Is a stock split good or bad? This is a question many investors and companies ask when considering changes to stock prices. If a business finds its stock price either too high or too low, it has two main avenues to explore: a stock split or a reverse stock split. A stock split aims to make shares more affordable. On the other hand, a reverse stock split seeks to elevate the stock price. In this article, we will delve into these options in more comprehensive detail.

What Is Stock Split?

When a company opts to break down a single share into multiple shares, it’s called a stock split. Take a company that decides to split one share into two, for example. The combined worth of these two new shares remains the same as the original share’s value. Therefore, if Company A goes through a two-for-one stock split and the initial share cost is $40, each new share would be priced at $20. This means an investor who initially had 50 shares at $40 each would now own 100 shares, each valued at the new price of $20.

Key Takeaways

  • A stock split is a corporate action in which a company divides its existing shares into multiple shares to boost the liquidity of the shares.
  • Stock splits lower share prices to attract a broader range of investors but may incur administrative costs.
  • Reverse stock splits consolidate shares to elevate stock market standing but can signal financial instability and reduce liquidity.
  • Understanding the pros and cons of both stock and reverse stock splits is essential for making informed investment decisions.

How a Stock Split Works

Stock splits are a common strategy for publicly traded companies, especially blue-chip firms worth billions. The company’s value often rises due to factors like mergers, new product launches, or stock buybacks. Eventually, the stock price can get so high that it becomes too pricey for the average investor, affecting how easily the stock can be bought and sold in the market.

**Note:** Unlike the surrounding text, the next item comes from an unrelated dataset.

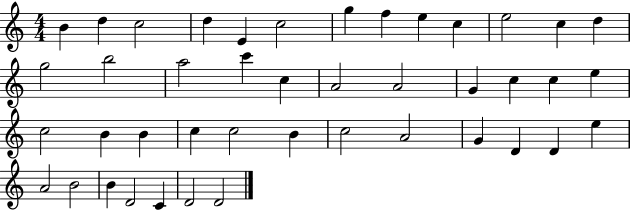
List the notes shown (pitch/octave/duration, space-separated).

Suppose Company A, a publicly traded entity, decides to go for a two-for-one stock split. Before this move, you owned 100 shares, each priced at $70, totaling $7,000. After the split, the price per share drops, but your overall investment stays the same at $7,000. The original $70 per share becomes $35 post-split. You’d then have 200 shares, each valued at $35, keeping the total value of your investment steady at $7,000.

Why Do Companies Split Their Stocks?

When it comes to the stock market, one of the most intriguing maneuvers a company can make is a stock split. What drives a company to divide its shares? Below are the reasons why.

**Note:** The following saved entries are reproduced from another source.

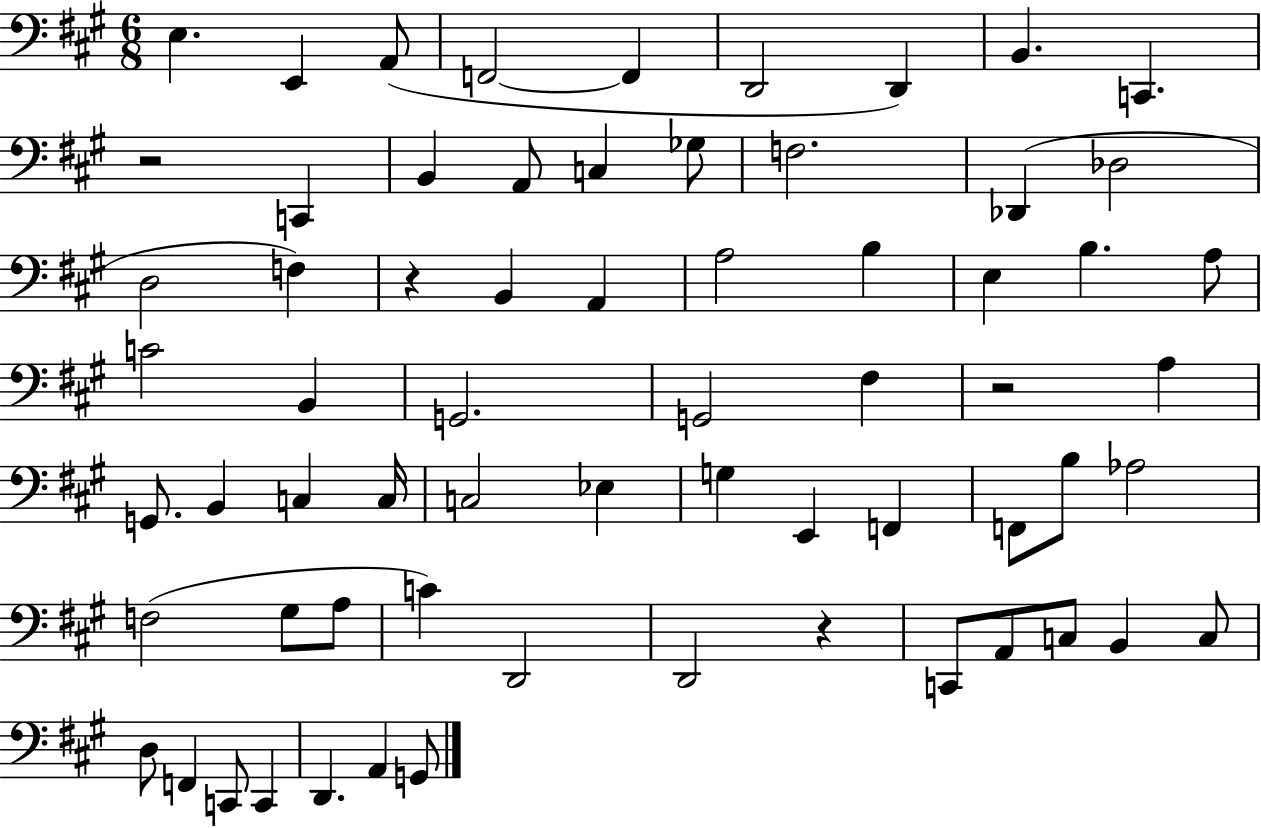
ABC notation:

X:1
T:Untitled
M:6/8
L:1/4
K:A
E, E,, A,,/2 F,,2 F,, D,,2 D,, B,, C,, z2 C,, B,, A,,/2 C, _G,/2 F,2 _D,, _D,2 D,2 F, z B,, A,, A,2 B, E, B, A,/2 C2 B,, G,,2 G,,2 ^F, z2 A, G,,/2 B,, C, C,/4 C,2 _E, G, E,, F,, F,,/2 B,/2 _A,2 F,2 ^G,/2 A,/2 C D,,2 D,,2 z C,,/2 A,,/2 C,/2 B,, C,/2 D,/2 F,, C,,/2 C,, D,, A,, G,,/2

1. Making Shares More Accessible

Companies often split stocks to lower the share price, making it more accessible for average investors. This can boost demand and attract a broader range of shareholders.

2. Enhancing Market Liquidity

A lower share price often leads to increased trading volumes, thereby enhancing market liquidity. More liquidity means that shares can be bought and sold more easily, which is beneficial for both the company and investors.

3. Attracting Different Types of Investors

Stock splits can attract different types of investors, including those who might have been deterred by a higher share price. A diverse investor base can offer more stability for the company.

Pros and Cons of Stock Split

Stock splits are a common financial strategy, but they come with their own set of advantages and disadvantages.


Stock splits reduce the share price, making it more accessible for average investors.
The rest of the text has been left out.